By Pete Jenson, Madrid
2:30PM BST 03 Jun 2013
Ask what lies behind this underwhelming legacy, and the answer has generally been that new Chelsea manager Mourinho lost the dressing room.
Famously combustible, he had a series of public arguments with his players, Iker Casillas and Cristiano Ronaldo among them. But there is an argument that these were battles which Mourinho needed to fight, that he was justified in doing so.
Instead, the really uncomfortable truth for Mourinho is that he failed in the transfer market. Despite Madrid’s financial muscle, he could not build a team to conquer Europe.
Those who say the bust-ups with senior players, who believed they had a divine right to start matches, were the problem are ignoring the fact that keeping the superstars happy did not save any of his 25 predecessors, hired and fired over the past 25 years.
Had Mourinho built a European Cup-winning side no one would have minded who he upset. But the team who were knocked out of this season’s Champions League semi-final by Borussia Dortmund were no better than the one who fell at the same hurdle in his first season – £127million was spent during Mourinho’s time in charge but progress was not made.
If criticism of Mourinho’s judgment in the transfer market during his time at Chelsea was largely drowned out by the sound of trophies being won, it cannot be ignored in any assessment of the last three years while he was at Madrid.
Mourinho never managed to solve some of the key problems he inherited, and he overspent on players who were never going to make a difference in the biggest matches of the season.
An astonishing £25million was blown on a left-back, Fábio Coentrão. He had the same agent, Jorge Mendes, as another £25million signing Ángel Di María, and neither player justified their cost.
Some of the cheaper signings – Ricardo Carvalho (£7million), José Callejón (£4million) and Diego López (£2.5million) – served short-term purposes. Three others – brilliant young defender Rafaël Varane (£8million) and German midfielders Mesut Özil (£12million) and Sami Khedira (£10million) – were good value.
But none of them elevated a good team into a great one under Mourinho. He never addressed the team’s lack of a top-class right-back. Likewise, he identified very early on that strikers Karim Benzema and Gonzalo Higuaín were not his type of striker, but failed to replace them with the Didier Drogba-style forward they needed.
Mourinho tried so hard to find a way to beat Barcelona that his one-dimensional team struggled when faced with teams who, unlike Barca, allowed Madrid possession and challenged them to break down the opposition. Luka Modric, last summer’s major signing, came good towards the end of this campaign, giving Madrid greater invention in midfield, but by that stage it was too late as other areas of the team had fallen apart, some of them because of the strained relationship between the departed manager and players.
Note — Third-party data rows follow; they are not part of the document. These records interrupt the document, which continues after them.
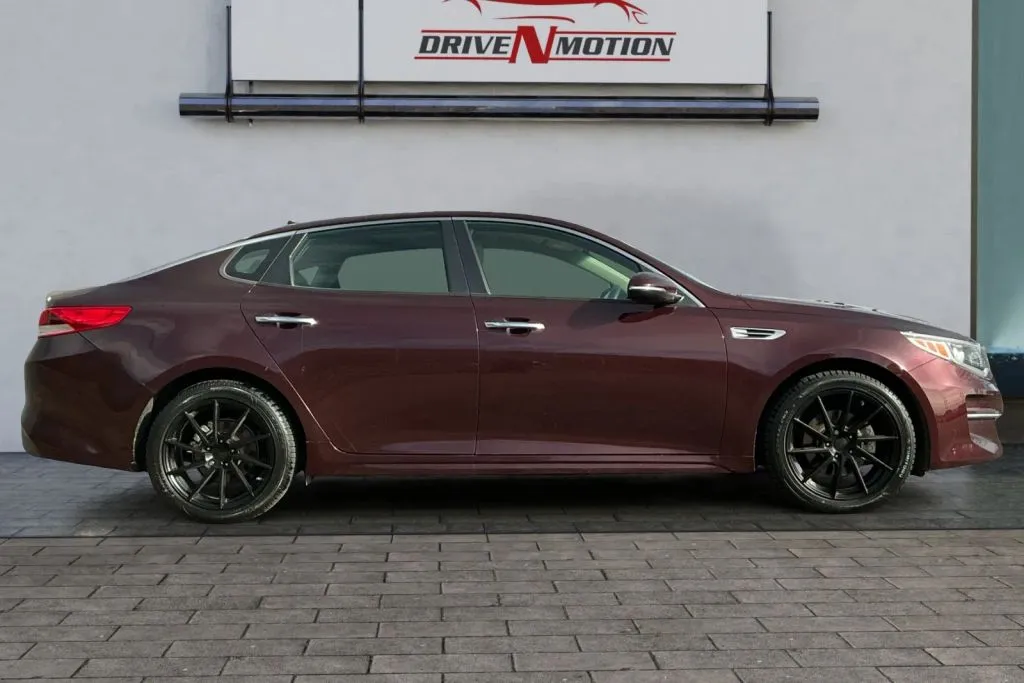 Photos of 2018 Kia Optima LX Sedan 4D for sale in Greeley, CO at Drive N-Motion Greeley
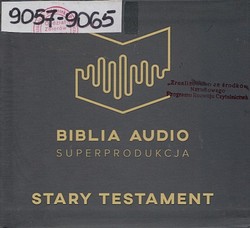 Skan okładki: Biblia Audio Superprodukcja : Stary Testament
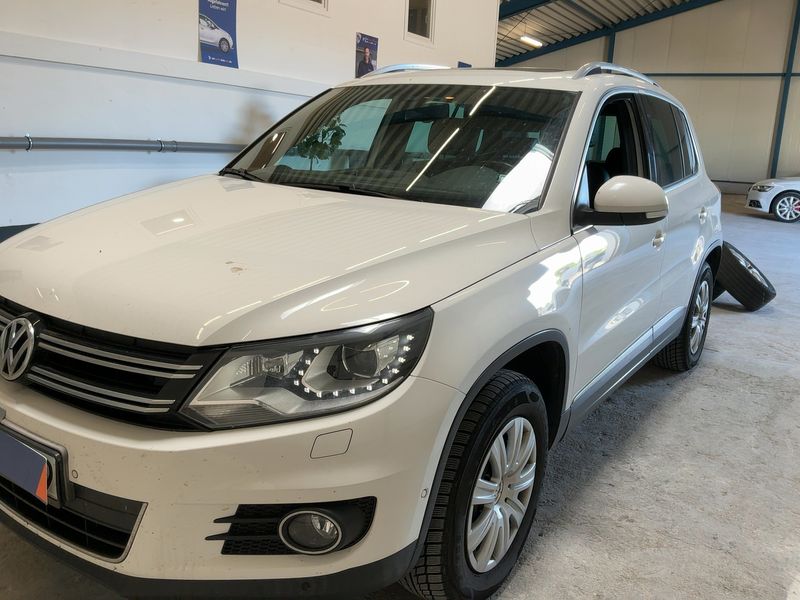 Volkswagen Tiguan 2.0 TDI Sport & Style 4Motion 2012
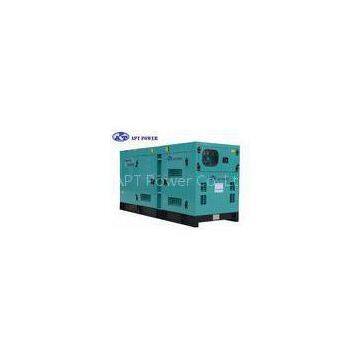 Soundproof Enclosed Diesel Inverter Generator , 1500 rpm Diesel Generator Set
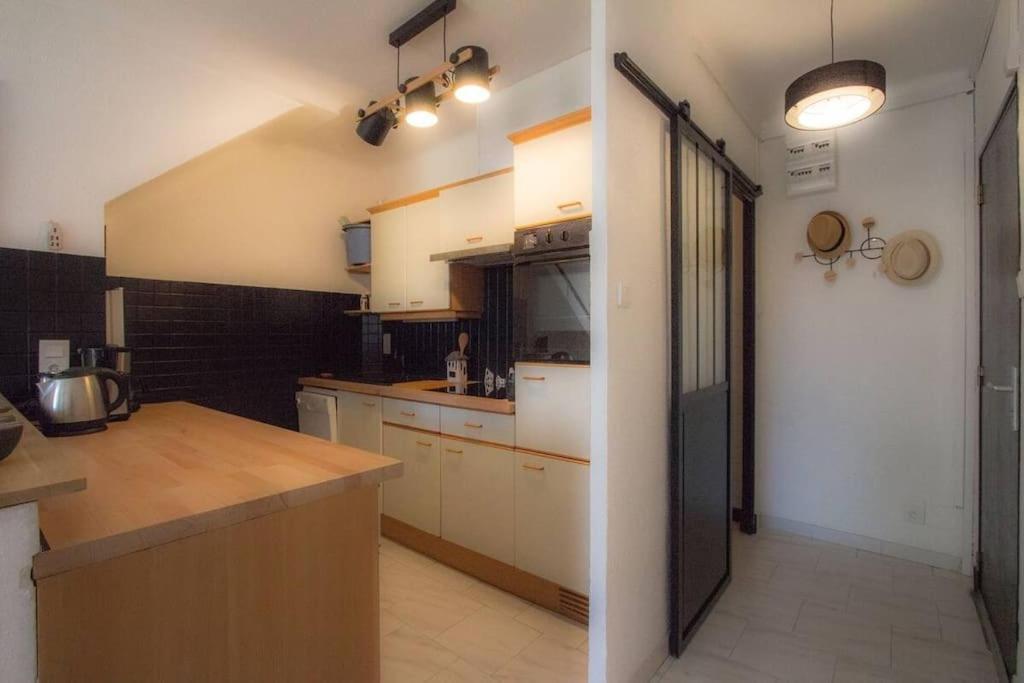 Superbe Duplex En Bord De Mer Λα Σιοτά Εξωτερικό φωτογραφία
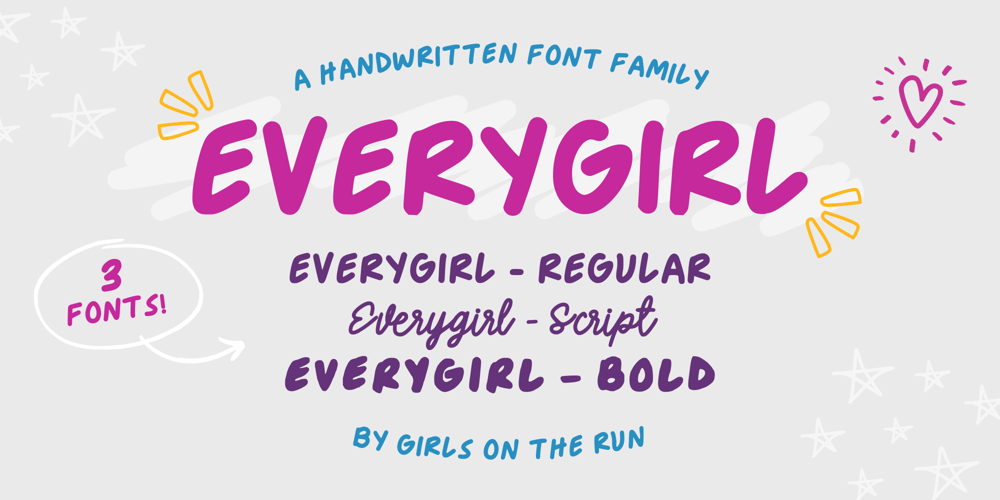 Everygirl font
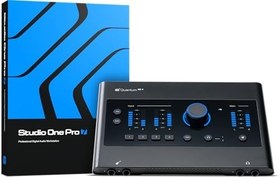 Resim PreSonus Quantum ES4-4 x 4, 24-bit / 192 kHz Ses Kartı, 6 Aylık Studio One+ Üyeliği 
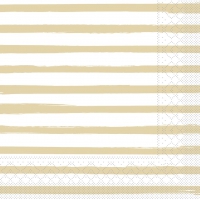 Tissue Servietten 40x40 cm - Bea  (beige)
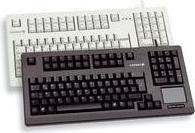 Produktbild CHERRY Mechanical keyboard w/ touchpad USB EU (US, Kabelgebunden)
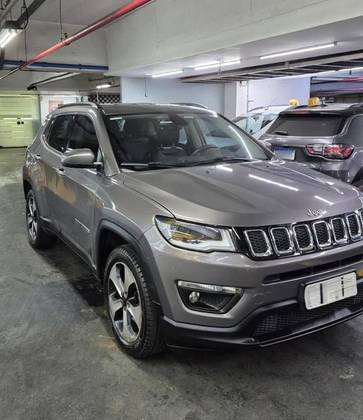 JEEP COMPASS 2.0 16V FLEX LONGITUDE AUTOMÁTICO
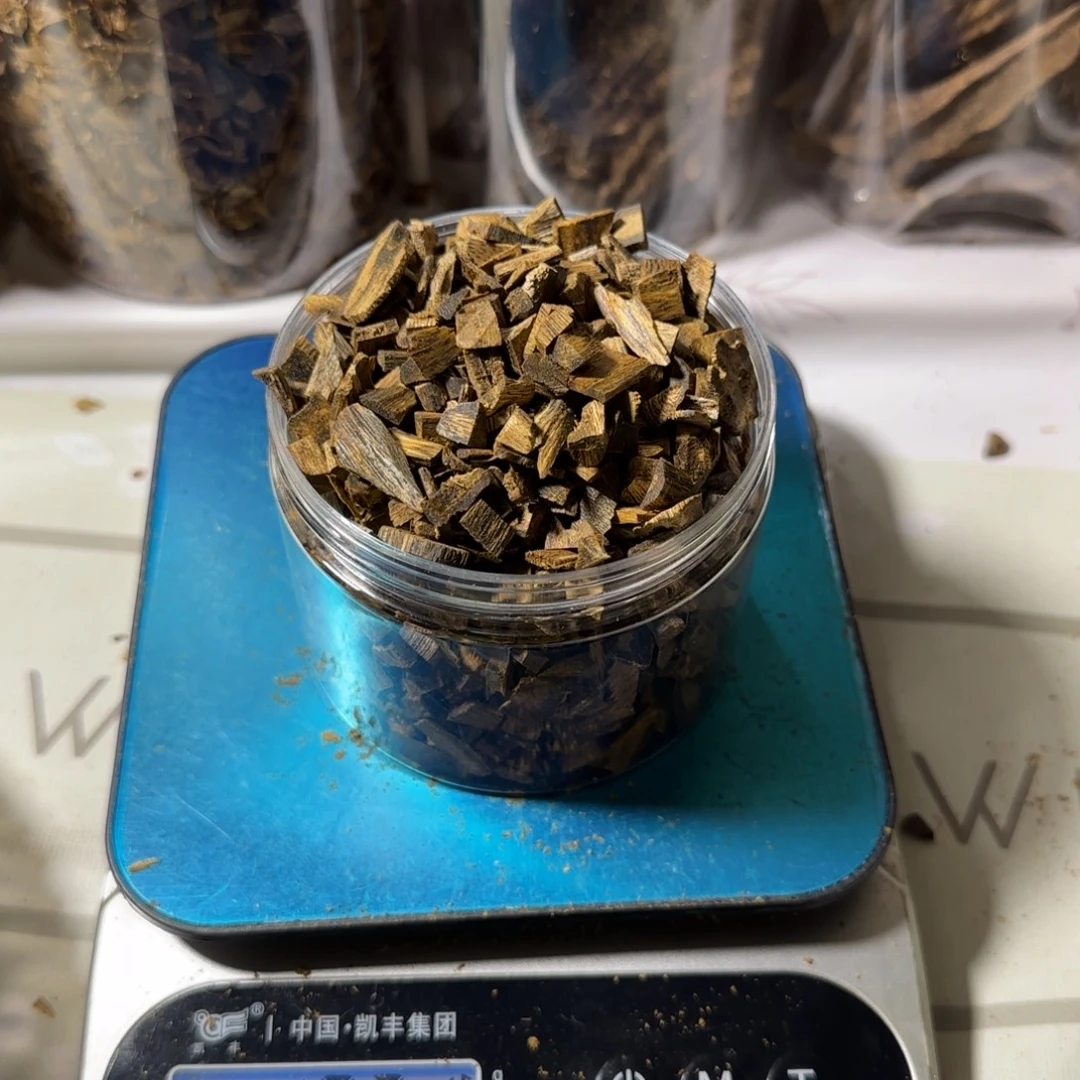 沉香碎屑沉香张勺子102克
Frank Lampard said recently he admired the way Mourinho protected Chelsea’s players in the press, but that was not his way when in Madrid. He publicly criticised full-back Marcelo for making a slow recovery from a broken foot, and then lambasted Pepe for having an operation on his ankle at the end instead of at the start of the mid-winter break.
He argued with Ronaldo in the dressing room at the end of a cup tie against Valencia and famously said of Benzema, “I don't have my dog to go hunting with so I will have to take my cat” ahead of a game in which he had been forced to pick the striker.
Ronaldo appeared to turn to the bench and shout "f--- you" in Portuguese after scoring against Malaga in May, while Pepe publicly criticised Mourinho’s treatment of Spain goalkeeper Casillas, saying: “He should have shown him more respect.”
Pepe was dropped for the Copa del Rey final but, in an incident which summed up the meltdown at the club at the end of Mourinho's reign, snuck down from the stands to sit on the bench once Mourinho had been sent off. The situation had become that farcical.
Real lost the game to Atlético Madrid, their first defeat in 14 years to the local rivals. Failure to win the cup meant Mourinho had the worst record of Madrid coaches who managed to last three years at the club.
There were great successes in the first two years, when he banished the notion that he could produce only defensive teams, winning the league title last year with a record haul of 100 points. Although Mourinho’s behaviour remained as provocative and confrontational as ever, it was only seen as a problem when the team were losing. Then suddenly it was a scandal that he left the King of Spain standing at the medal ceremony of the Copa del Rey final, that he dropped Casillas, and that he told his players to deliberately get booked to manipulate the disciplinary system in 2010.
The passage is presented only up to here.